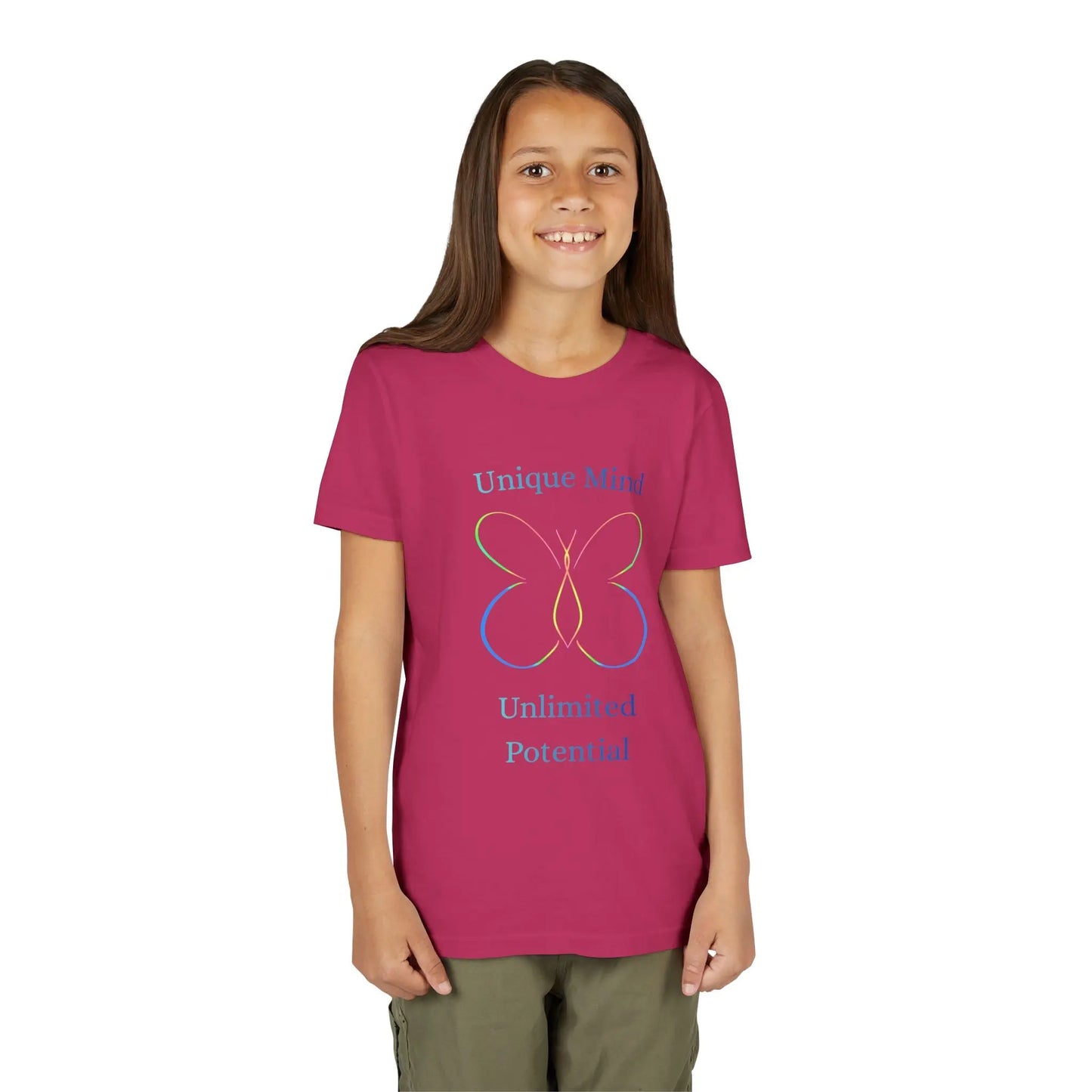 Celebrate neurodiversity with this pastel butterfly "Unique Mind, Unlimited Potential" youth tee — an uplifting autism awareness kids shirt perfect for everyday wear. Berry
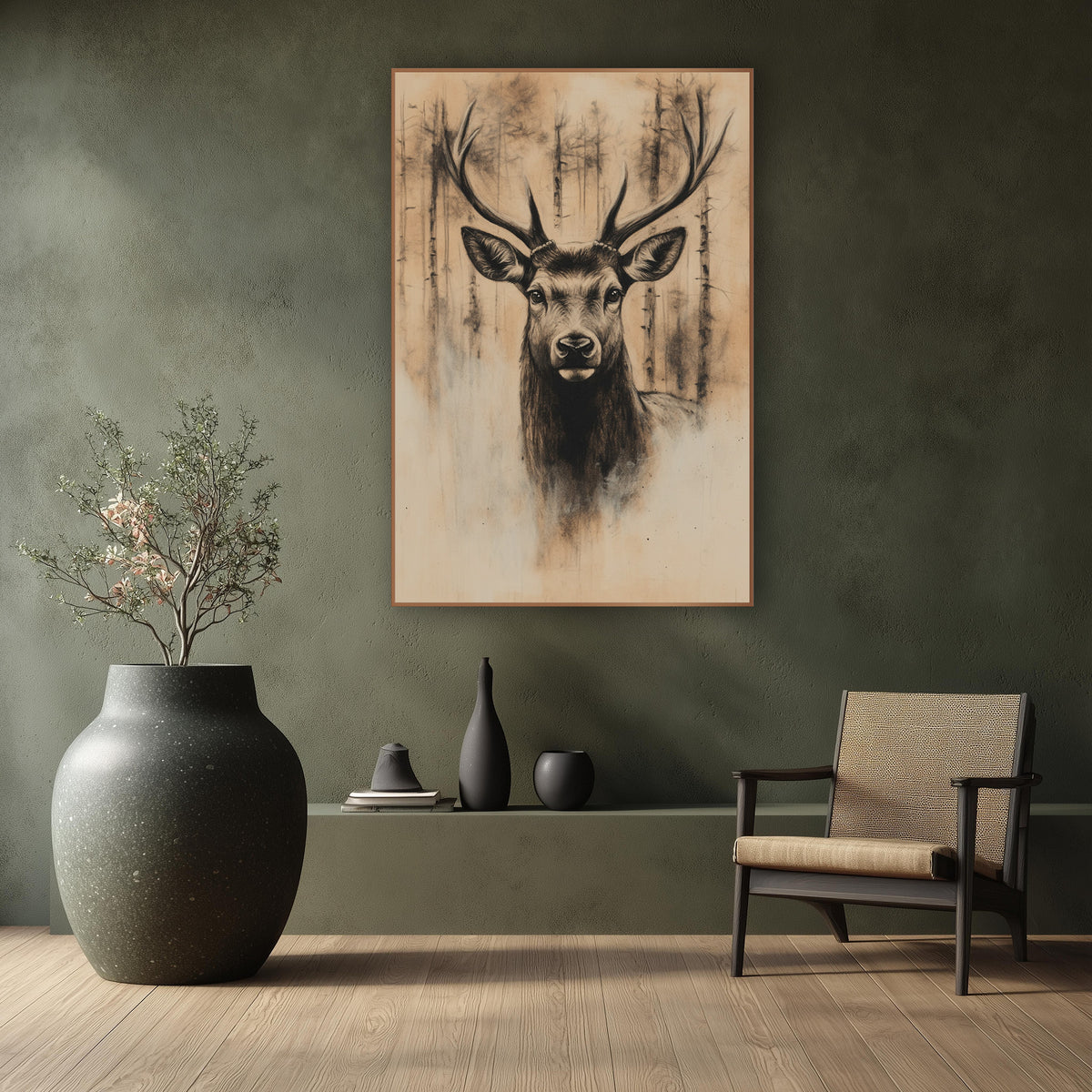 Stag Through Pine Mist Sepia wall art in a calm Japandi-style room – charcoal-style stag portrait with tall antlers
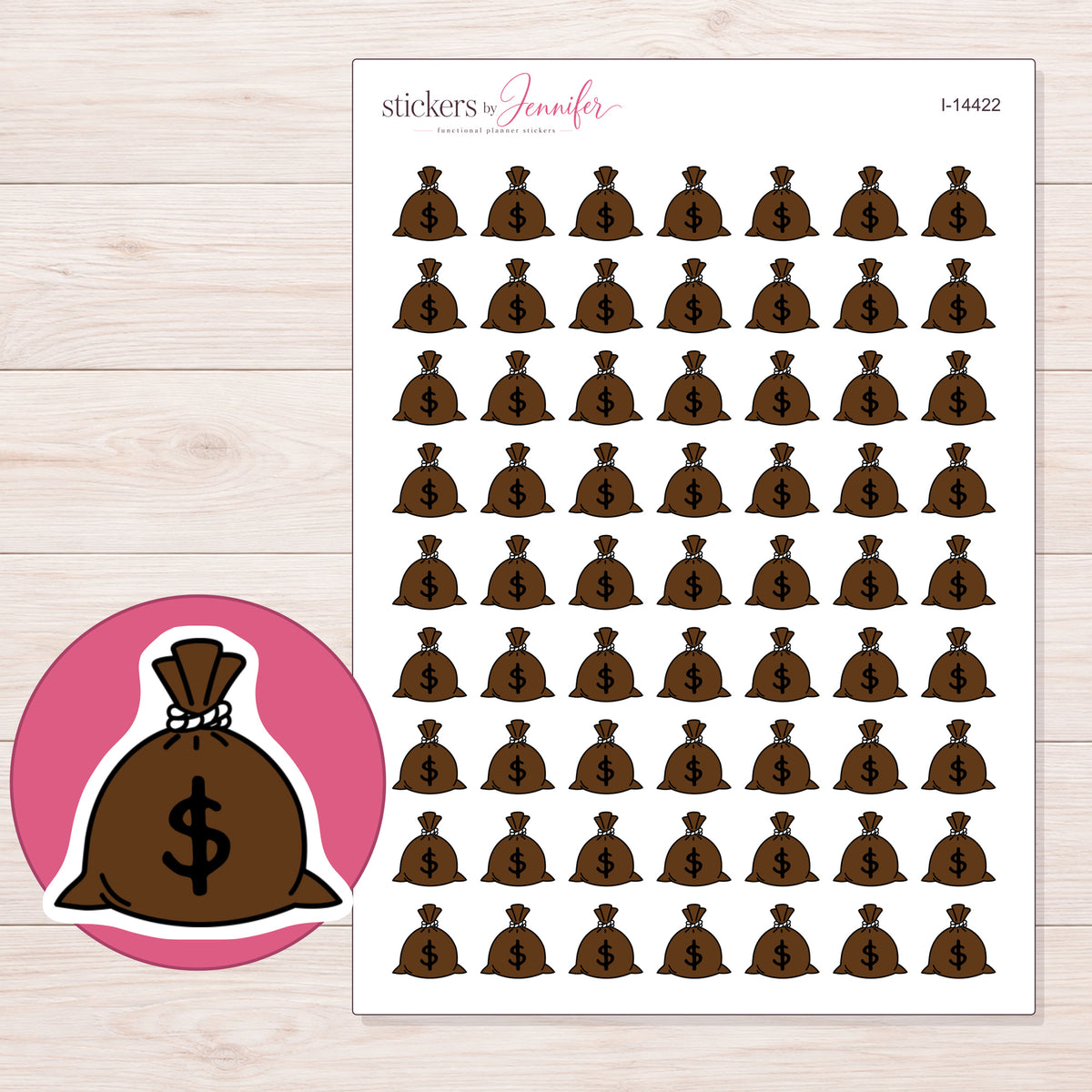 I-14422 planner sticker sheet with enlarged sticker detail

--

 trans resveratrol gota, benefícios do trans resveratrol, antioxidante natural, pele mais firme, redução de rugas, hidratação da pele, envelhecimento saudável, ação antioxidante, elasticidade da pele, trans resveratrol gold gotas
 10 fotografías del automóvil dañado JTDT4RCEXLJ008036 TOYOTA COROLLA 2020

(PROBLEM REQUIREMENTS) Only the lines above from the one with "trans resveratrol gota, benefícios" through the one with "10 fotografías del" should be duplicated, character for character.

(ANSWER SPACE)
 trans resveratrol gota, benefícios do trans resveratrol, antioxidante natural, pele mais firme, redução de rugas, hidratação da pele, envelhecimento saudável, ação antioxidante, elasticidade da pele, trans resveratrol gold gotas
 10 fotografías del automóvil dañado JTDT4RCEXLJ008036 TOYOTA COROLLA 2020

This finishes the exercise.